Your instructions — Of the entries below, restate word for word only the section that runs from the line with "Triple Up BS" to the line with "A soldier in", counting both ends.

Material for this task —

•••••

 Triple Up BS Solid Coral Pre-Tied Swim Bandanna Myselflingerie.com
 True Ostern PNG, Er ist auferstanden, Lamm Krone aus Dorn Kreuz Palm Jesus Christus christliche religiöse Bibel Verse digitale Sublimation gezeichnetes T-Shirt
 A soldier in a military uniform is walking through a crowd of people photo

•••••

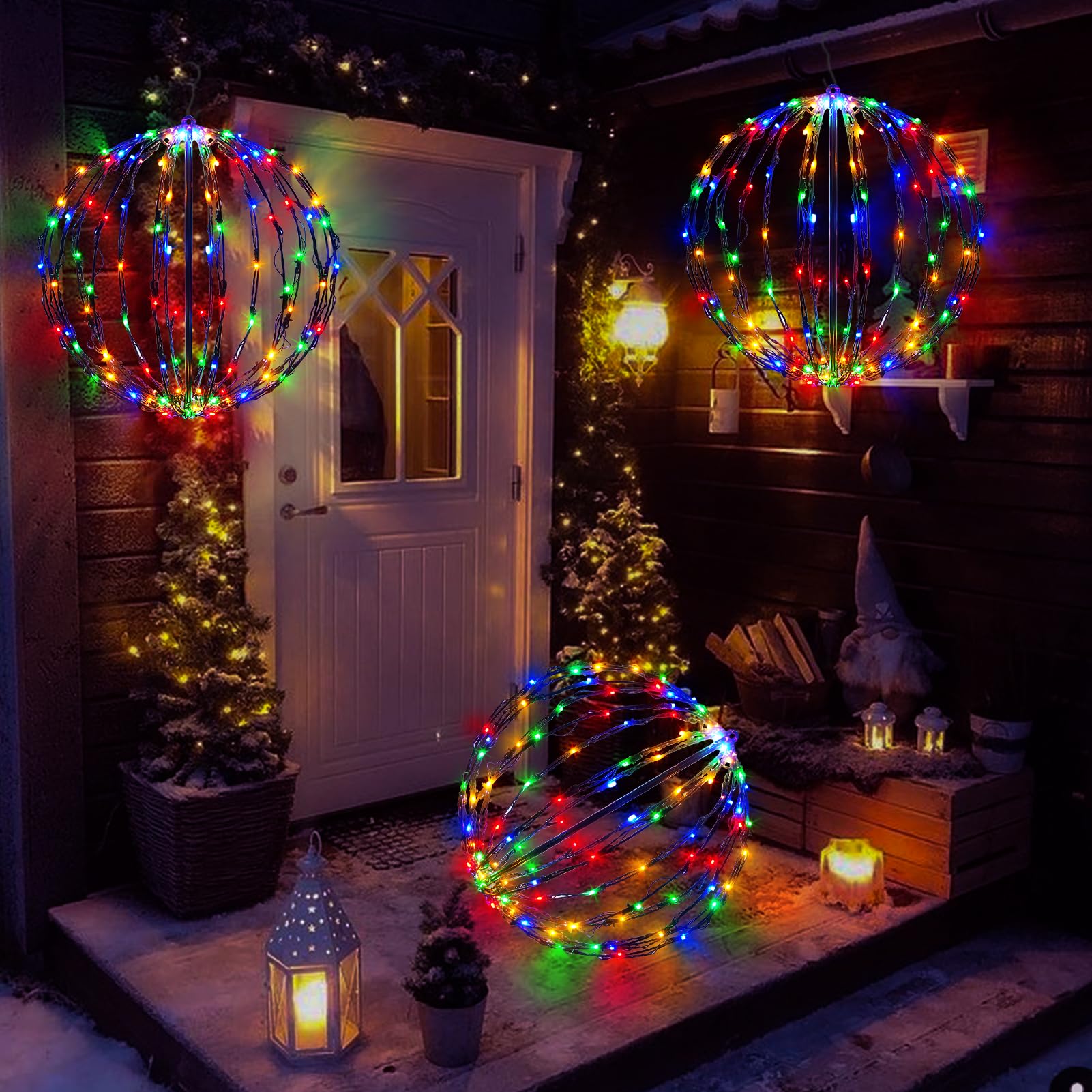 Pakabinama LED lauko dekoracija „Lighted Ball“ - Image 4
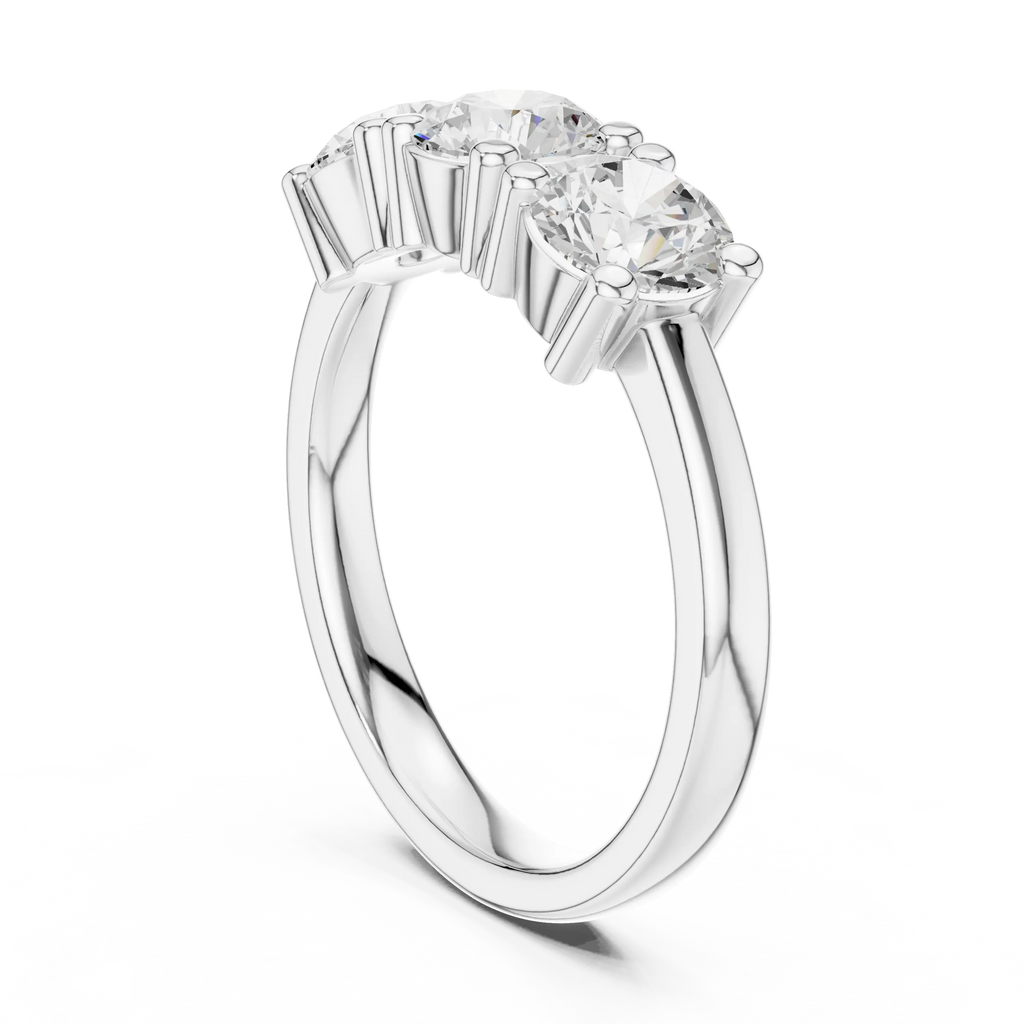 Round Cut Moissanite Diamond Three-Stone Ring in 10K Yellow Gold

•••••

Exercise solution —
 Triple Up BS Solid Coral Pre-Tied Swim Bandanna Myselflingerie.com
 True Ostern PNG, Er ist auferstanden, Lamm Krone aus Dorn Kreuz Palm Jesus Christus christliche religiöse Bibel Verse digitale Sublimation gezeichnetes T-Shirt
 A soldier in a military uniform is walking through a crowd of people photo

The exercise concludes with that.